A doinksoft, desenvolvedora conhecida por sucessos como Gato Roboto e Gunbrella, segue sua trilha de experimentação com Dark Scrolls, um título que mistura elementos distintos em busca de uma fórmula inovadora. O jogo combina ação e plataforma em 2D com mecânicas de shoot ‘em up, tudo dentro de uma estrutura inspirada em roguelites — aqueles jogos que mudam a cada tentativa.

O conceito é intrigante: fases repletas de perigos que criam uma experiência frenética e imprevisível, com aquele visual retrô que remete aos clássicos dos anos 80 e 90. Durante os melhores momentos, Dark Scrolls consegue ser genuinamente divertido, oferecendo desafios que testam reflexos e estratégia simultaneamente.

Porém, nem tudo brilha nesta aventura.

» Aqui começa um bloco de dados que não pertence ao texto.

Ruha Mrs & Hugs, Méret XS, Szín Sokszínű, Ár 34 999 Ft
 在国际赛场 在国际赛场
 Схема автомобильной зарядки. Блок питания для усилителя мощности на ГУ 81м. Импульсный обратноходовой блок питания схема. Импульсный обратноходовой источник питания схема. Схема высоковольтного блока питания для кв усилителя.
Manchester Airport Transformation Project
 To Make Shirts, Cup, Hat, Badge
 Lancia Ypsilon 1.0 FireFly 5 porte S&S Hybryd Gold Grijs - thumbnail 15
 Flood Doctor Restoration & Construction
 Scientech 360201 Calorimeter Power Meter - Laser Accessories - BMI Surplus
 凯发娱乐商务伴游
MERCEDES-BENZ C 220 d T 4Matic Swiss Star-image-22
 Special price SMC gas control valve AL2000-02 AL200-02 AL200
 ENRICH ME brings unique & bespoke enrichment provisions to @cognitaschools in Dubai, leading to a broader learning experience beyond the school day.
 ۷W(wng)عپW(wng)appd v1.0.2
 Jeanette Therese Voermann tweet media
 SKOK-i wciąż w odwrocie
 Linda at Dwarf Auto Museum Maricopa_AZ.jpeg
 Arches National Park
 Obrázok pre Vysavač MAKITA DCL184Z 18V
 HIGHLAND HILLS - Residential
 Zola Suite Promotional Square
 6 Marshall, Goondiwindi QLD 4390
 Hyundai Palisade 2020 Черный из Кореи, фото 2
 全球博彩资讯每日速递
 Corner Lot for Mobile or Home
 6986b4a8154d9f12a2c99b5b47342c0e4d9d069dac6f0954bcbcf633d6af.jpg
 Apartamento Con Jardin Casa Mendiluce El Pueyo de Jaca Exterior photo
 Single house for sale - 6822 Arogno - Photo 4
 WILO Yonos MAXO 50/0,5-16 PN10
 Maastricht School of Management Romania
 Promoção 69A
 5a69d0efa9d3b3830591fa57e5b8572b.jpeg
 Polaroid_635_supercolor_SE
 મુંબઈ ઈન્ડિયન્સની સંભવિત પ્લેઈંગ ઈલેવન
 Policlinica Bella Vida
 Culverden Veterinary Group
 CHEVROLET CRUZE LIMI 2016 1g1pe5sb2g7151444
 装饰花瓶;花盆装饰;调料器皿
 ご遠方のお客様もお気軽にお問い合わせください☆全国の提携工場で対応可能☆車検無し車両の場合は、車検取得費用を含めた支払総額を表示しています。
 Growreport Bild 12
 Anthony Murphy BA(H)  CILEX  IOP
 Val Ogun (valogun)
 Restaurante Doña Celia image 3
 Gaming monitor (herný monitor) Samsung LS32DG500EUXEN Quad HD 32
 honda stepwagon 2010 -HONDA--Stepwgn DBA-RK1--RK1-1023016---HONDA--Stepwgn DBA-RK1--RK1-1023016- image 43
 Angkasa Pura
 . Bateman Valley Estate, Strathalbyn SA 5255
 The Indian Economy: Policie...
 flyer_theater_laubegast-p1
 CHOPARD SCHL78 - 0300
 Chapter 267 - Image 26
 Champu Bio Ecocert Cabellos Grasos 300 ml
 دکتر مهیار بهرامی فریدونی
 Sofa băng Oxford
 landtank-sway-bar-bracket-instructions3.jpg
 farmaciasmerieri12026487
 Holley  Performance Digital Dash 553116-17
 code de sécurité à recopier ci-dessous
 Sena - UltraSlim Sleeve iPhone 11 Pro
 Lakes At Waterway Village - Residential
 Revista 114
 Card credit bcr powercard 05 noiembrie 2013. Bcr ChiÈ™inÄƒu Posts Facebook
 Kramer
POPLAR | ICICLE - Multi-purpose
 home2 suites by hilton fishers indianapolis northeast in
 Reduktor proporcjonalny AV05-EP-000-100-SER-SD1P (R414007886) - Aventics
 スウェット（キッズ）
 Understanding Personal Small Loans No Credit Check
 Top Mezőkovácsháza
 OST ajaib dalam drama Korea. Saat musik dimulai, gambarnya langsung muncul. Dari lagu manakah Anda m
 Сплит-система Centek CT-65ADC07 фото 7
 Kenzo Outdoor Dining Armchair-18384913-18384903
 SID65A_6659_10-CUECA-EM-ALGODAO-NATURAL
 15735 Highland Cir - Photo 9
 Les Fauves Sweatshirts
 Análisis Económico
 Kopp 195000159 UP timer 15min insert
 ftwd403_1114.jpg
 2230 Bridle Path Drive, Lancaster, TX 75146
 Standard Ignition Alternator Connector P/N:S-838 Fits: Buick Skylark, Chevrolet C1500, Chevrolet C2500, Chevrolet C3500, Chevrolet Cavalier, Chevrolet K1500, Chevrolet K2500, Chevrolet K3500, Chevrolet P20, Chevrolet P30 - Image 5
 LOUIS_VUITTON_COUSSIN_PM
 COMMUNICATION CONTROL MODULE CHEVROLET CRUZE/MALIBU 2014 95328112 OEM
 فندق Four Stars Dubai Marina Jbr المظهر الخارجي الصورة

Apesar da personalidade visual marcante e das boas intenções criativas, o jogo acaba se perdendo em decisões de design que transformam o que deveria ser uma experiência desafiadora em algo meramente frustrante. Há um equilíbrio fino entre dificuldade justa e punição excessiva, e Dark Scrolls não encontra esse ponto de equilíbrio com consistência.

A narrativa serve apenas como pretexto para a ação: um grupo de heróis é convocado por um misterioso cavaleiro para derrotar um poderoso dragão e recuperar um tesouro lendário. Após a vitória, a traição acontece — o cavaleiro rouba o pergaminho mágico e elimina seus aliados com um feitiço devastador. A morte, porém, não é o fim da história.

Dark Scrolls é um jogo que pediu permissão para ser desafiador mas se perdeu no caminho, transformando seu potencial em frustrações desnecessárias. É uma proposta ambiciosa que merecia mais polimento nas suas decisões de balanceamento.